Ms. Fieguth said it was good for members of her diocese to see “how the money that is sent from the pews from our Anglican parishes in Canada is really put to good use.”
While in Kenya, the delegation also had a chance to meet Kenyans living with HIV and AIDS, as well as orphans of the victims. Ms. Fieguth was struck by the story of Charity, 21, who cares for her two-year-old daughter and six other siblings since both her parents have died of AIDS. “She’s gotten an offer of marriage from a man who could provide for her but she felt like she was in a dilemma because it was not fair to ask him to take on all her siblings as well,” she said. “The relatives weren’t willing to take on all the children and so here she was, at her young age, feeling so responsible for so many people, not really knowing what to do about it.”

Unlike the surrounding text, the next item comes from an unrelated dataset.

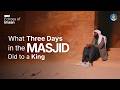 [Ep.3] What Three Days in the Masjid Did to a King | Echoes of Imaan - Sh. Yahya Raaby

Ms. Baskin, whose visit to Kenya was her first, said she was humbled when people thanked them for coming “because we’re representing the church and the funding that’s supporting the staff that’s supporting them.” She said that the delegation had felt that it was them who should be thankful for the experience. “How do you tell folks that in their experiences they’re changing who we are and how we see the world?”
Ms. Baskin said the delegation left “with a much clearer sense of what HIV/AIDS work is being done in Kenya both generally and specifically by the Anglican Church of Kenya and how that is supported by their dollars and work through the Primate’s Fund.”